有期雇用労働者の「育児・介護休業」取得要件の緩和
有期雇用労働者の「育児・介護休業」取得要件が緩和されます。以前まで2つあった取得要件のうち「雇用された期間が1年以上」が撤廃され、「1歳6か月までの間に雇用契約が満了することが明らかでない」場合のみとなりました。
※労使協定の締結により「雇用された期間が1年未満の労働者」を除外することも可能
※育児休業給付についても同様に緩和。
① 育児休業の申出があった時点で労働契約の更新がないことが確実であるか否かによって判断されます。
② 事業主が「更新しない」旨の明示をしていない場合については、原則として、「労働契約の更新がないことが確実」とは判断されません。
産後パパ育休(出生時育児休業)の創設・育児休業の分割取得
2022年10月1日から適用される「産後パパ育休」は、育休とは別に取得可能です。子の出生後8週間以内に4週間まで取得可能で、原則休業の2週間前までの申請で取得できるようになります。また、労使協定を締結している場合に限り、労働者が合意した範囲で休業中に就業することが可能となります。
産後パパ育休も育児休業給付(出生時育児休業給付金)の対象です。休業中に就業日がある場合は、就業日数が最大10日(10日を超える場合は就業している時間数が80時間)以下である場合に、給付の対象となります。
従業員数1,000名超の企業は、育児休業等の取得状況を「年1回公表」することが義務付けられるようになります。
- 1公表すべき内容は、男性の「育児休業等の取得率」または「育児休業等と育児目的休暇の取得率」です。
※取得率の算定期間は、公表を行う日の属する事業年度(会計年度)の直前の事業年度 - 2公表する場所は、自社HP等のほか、厚生労働省が運営するウェブサイト「両立支援のひろば」も推奨されています。

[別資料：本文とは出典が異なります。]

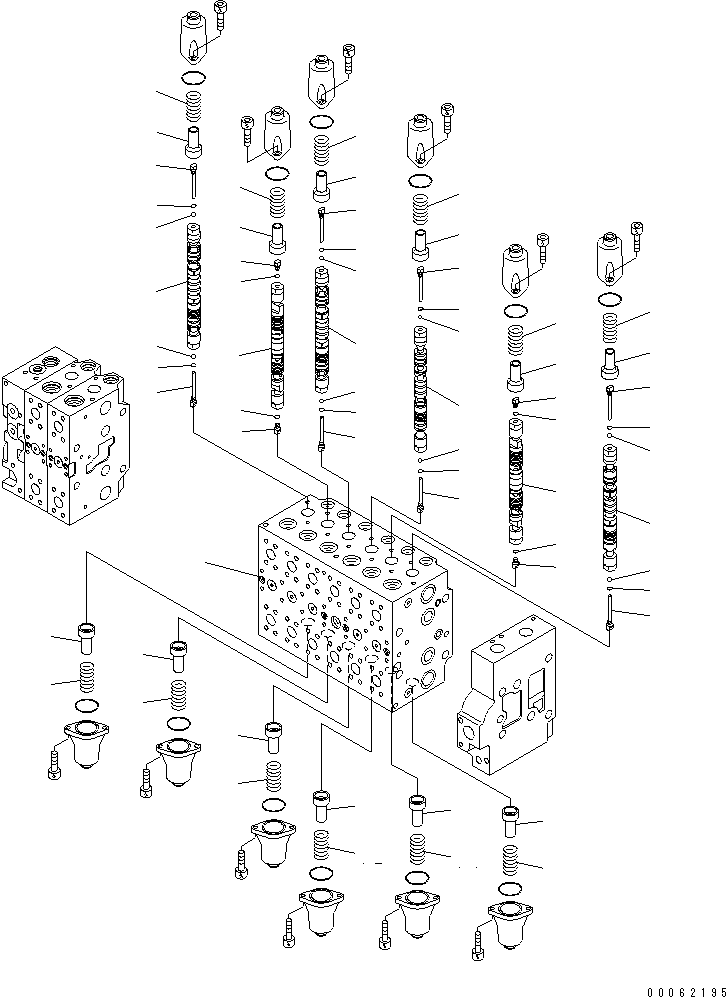 Клапанный блок 723-46-11420 KOMATSU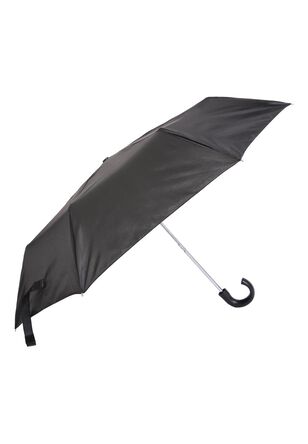 Mens Black Mini Auto Umbrella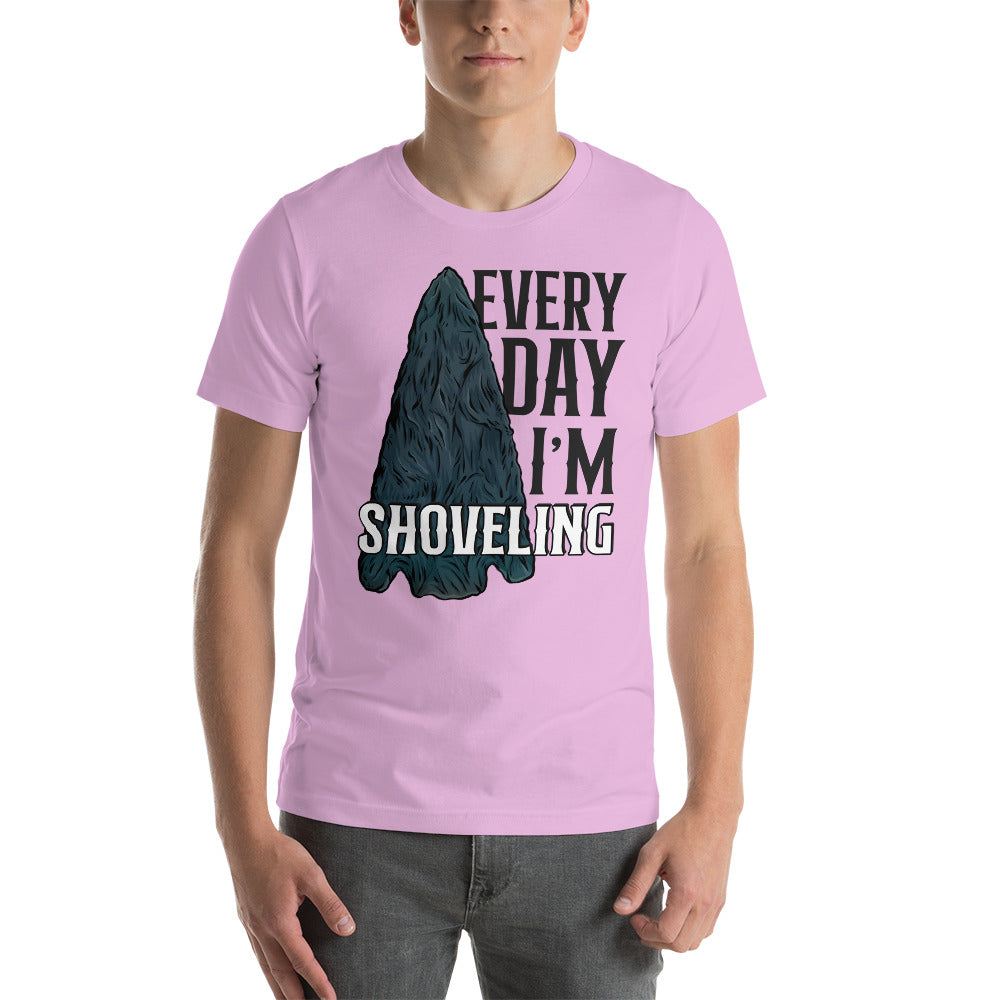 Short-sleeve unisex t-shirt Arrowhead Everyday I'm Shoveling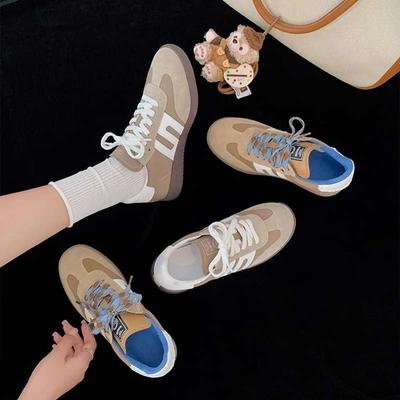 Мягкая кожа американский ретро мягкая подошва немецкие тренировочные туфли женские летние цветные на плоской подошве туфли Форреста Гампа кеды спортивные и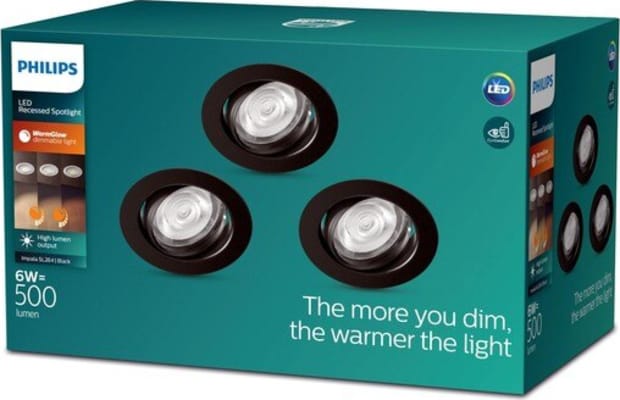 IMPALA 3Pk Innfellt WGDIM SL264 RD 068 6W 27K BK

- 3公表に当たっては、育休取得率等と合わせて以下も明示してください
・当該割合の算定期間である公表前事業年度の期間
・(育児休業等の取得割合)又は(育児休業等と育児目的休暇の取得割合)いずれの方法により算出したものか - 4労働者が育児休業・産後パパ育休期間について負担すべき社会保険料の取り扱い
また、事業年度をまたがって育児休業を取得した場合は、育児休業を開始した日を含む事業年度での取得としてカウント。また、分割して複数の事業年度において育児休業等を取得した場合は、最初の育児休業等の取得のみが計算の対象になります。ご注意ください。
「育児休業を取得しやすい雇用環境を整備しろと言われても、具体的に何をすれば…」という中小企業の声が多く聞こえてきています。4つの措置に関して、社労士が回答します。ぜひ参考にしてください。
従業員の人数が多ければ社外の研修機関を活用するのもいいですが、少人数の中小企業では厚生労働省の「企業向け研修用資料」を利用して社内研修をするとよいでしょう。職場等で育児休業取得を含めた、育児との係わりを促進するための動画資料とパワーポイントの資料を以下からご活用ください。
厚生労働省イクメンプロジェクト 職場内研修用資料
https://ikumen-project.mhlw.go.jp/company/training/
相談窓口は、形式的に設けるだけでは足らず、実質的な対応が可能な窓口が設けられていることが重要です。加えて、労働者に対する窓口の周知等により、労働者が利用しやすい体制を整備しておきましょう。
法律のみならず社内の制度を熟知し、個別周知と意向確認を含めた取得に向けての社内手続きがスムーズに行える体制が望ましく、担当者を社内に置くことが望ましいと言えるでしょう。
もし事例になる対象社員がいない場合は、その他の措置(研修の実施、相談窓口の設置、方針の周知)を進めていただくことになります。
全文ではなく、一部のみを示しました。